(THE DATA begins)
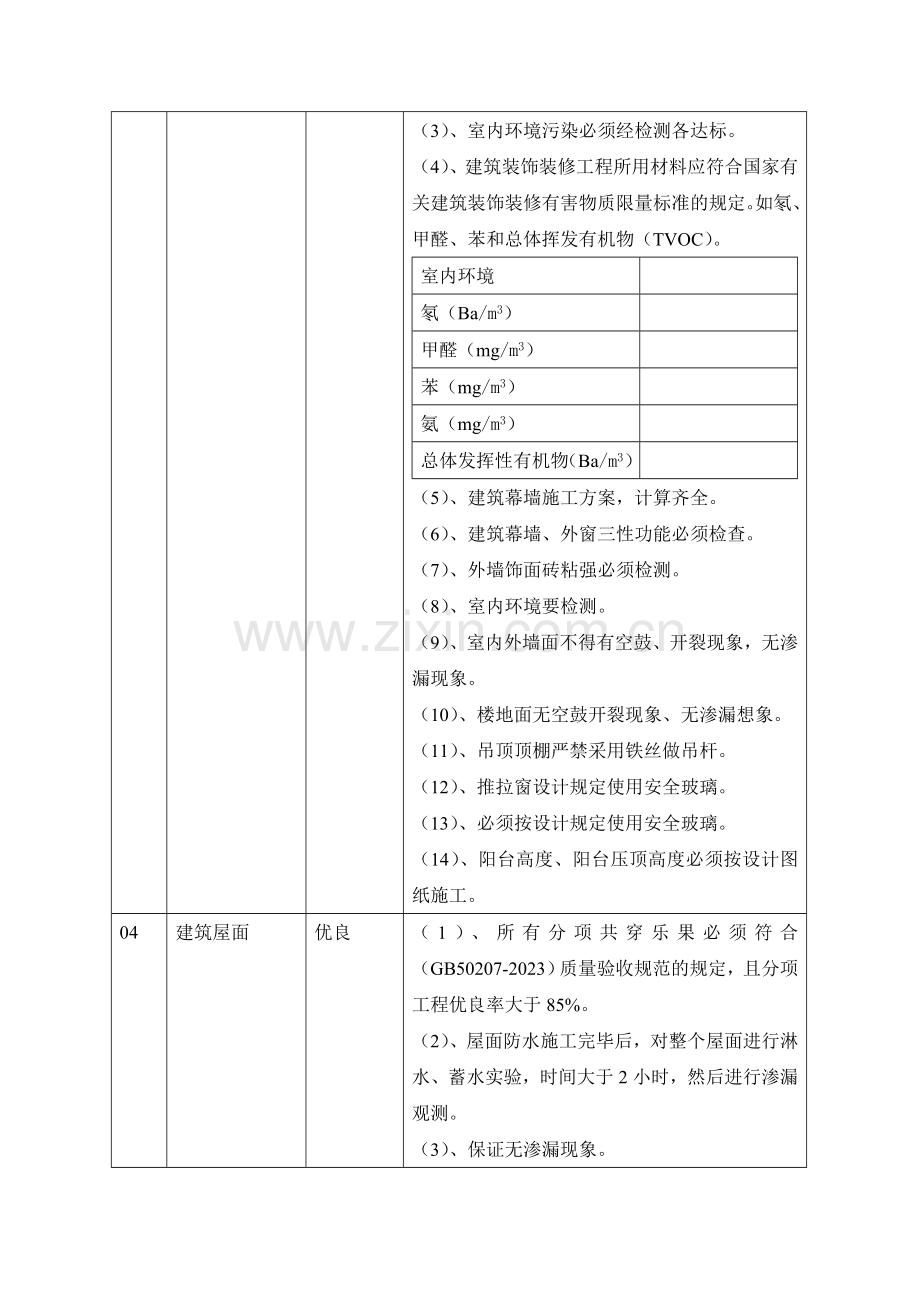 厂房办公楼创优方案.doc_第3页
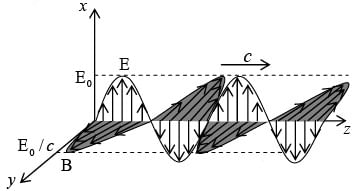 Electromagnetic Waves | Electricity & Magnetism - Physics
(THE DATA ends)
(THE DATA begins)
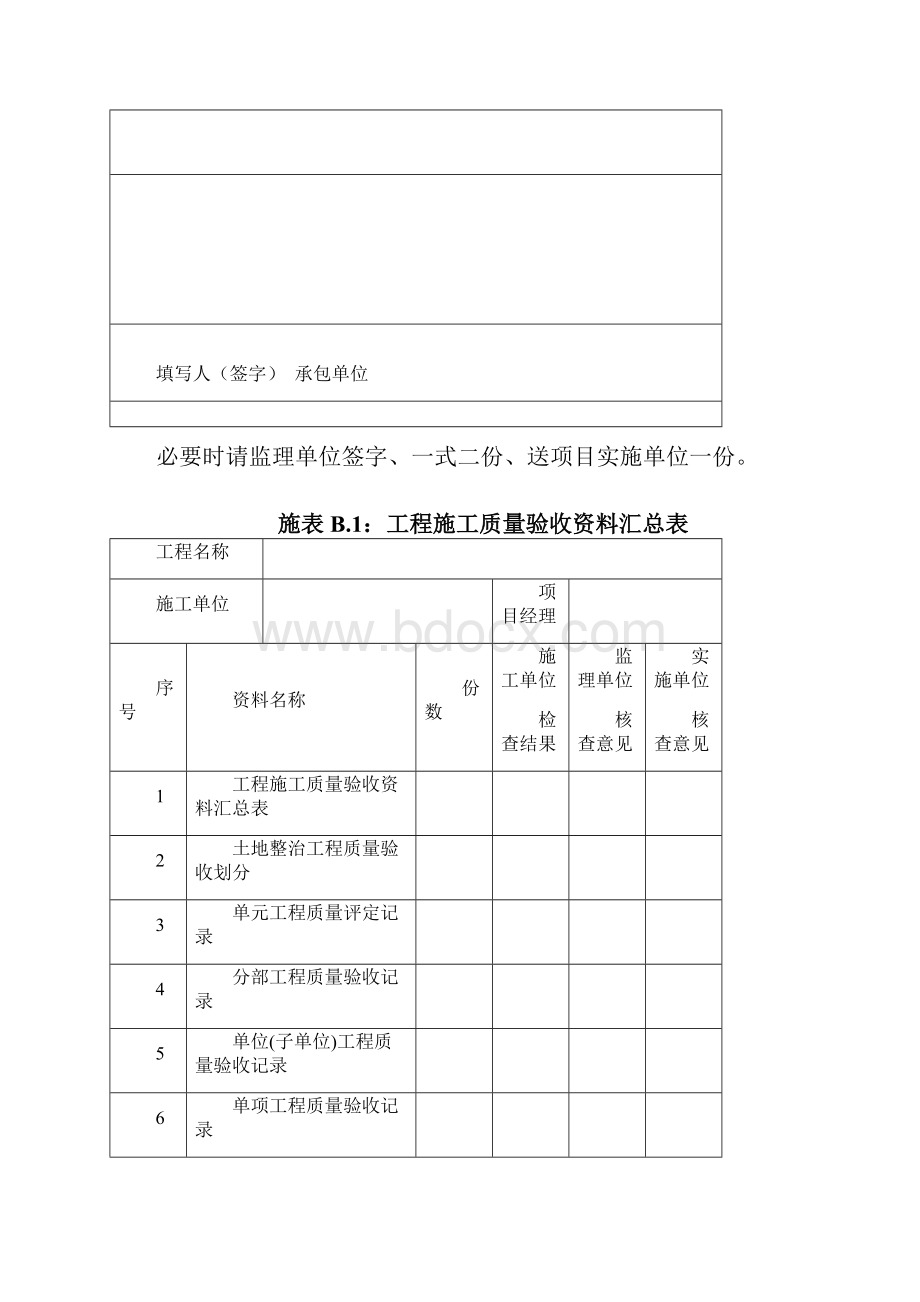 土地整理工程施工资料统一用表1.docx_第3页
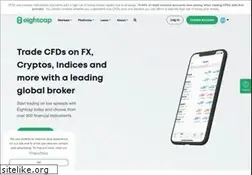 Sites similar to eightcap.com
(THE DATA ends)
(THE DATA begins)
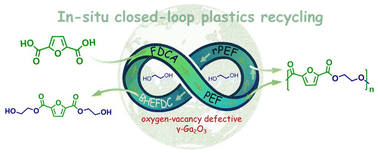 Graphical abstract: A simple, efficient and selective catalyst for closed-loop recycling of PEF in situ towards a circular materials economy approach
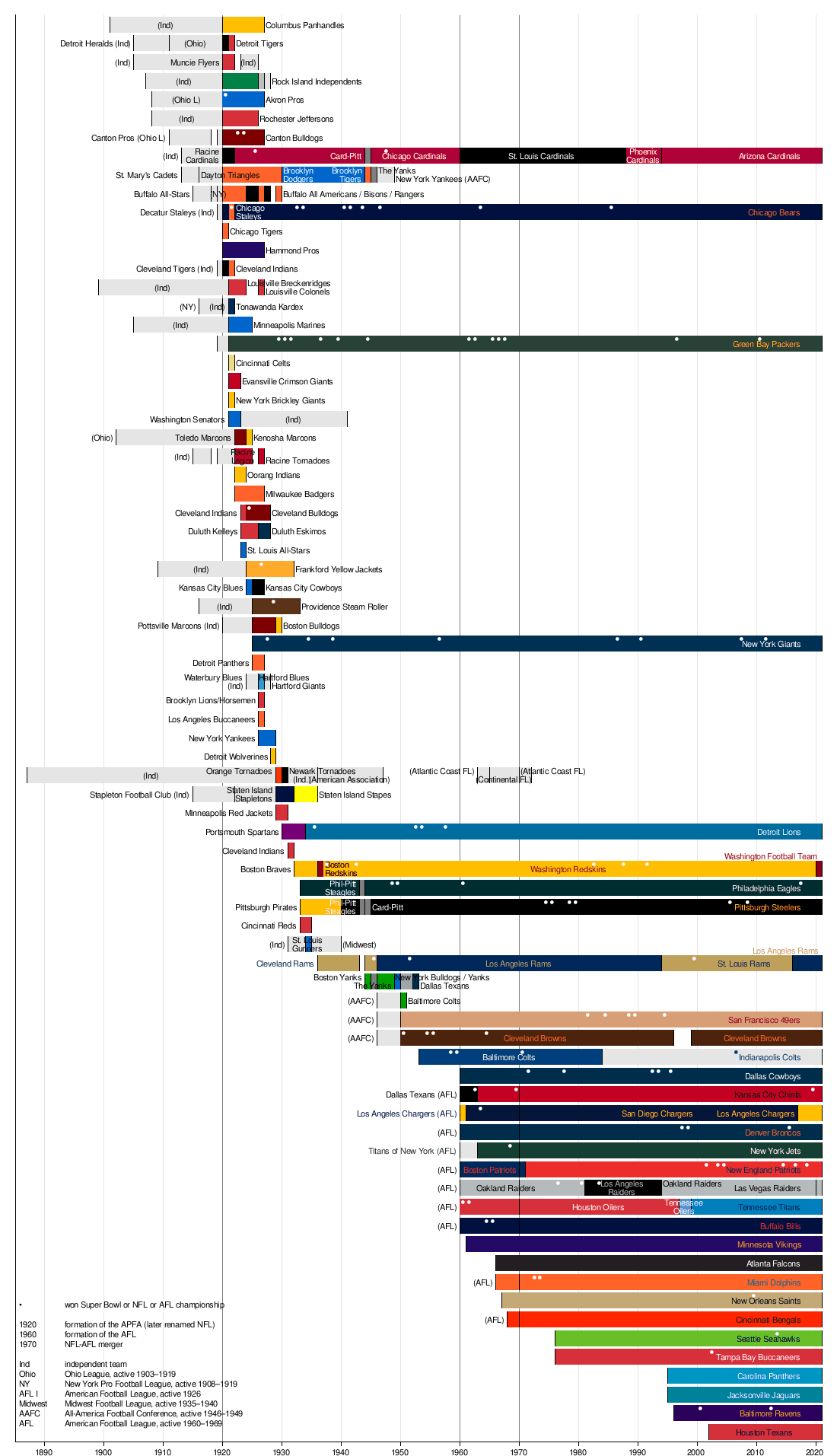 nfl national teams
(THE DATA ends)
**ACTION ITEM**
Take the entries above and copy exactly the lines starting at the one with "厂房办公楼创优方案.doc_第3页" and ending at the one with "Electromagnetic Waves |"; nothing outside that span, and no pictures.

**THE COMPLETED TASK**
 厂房办公楼创优方案.doc_第3页
 Electromagnetic Waves | Electricity & Magnetism - Physics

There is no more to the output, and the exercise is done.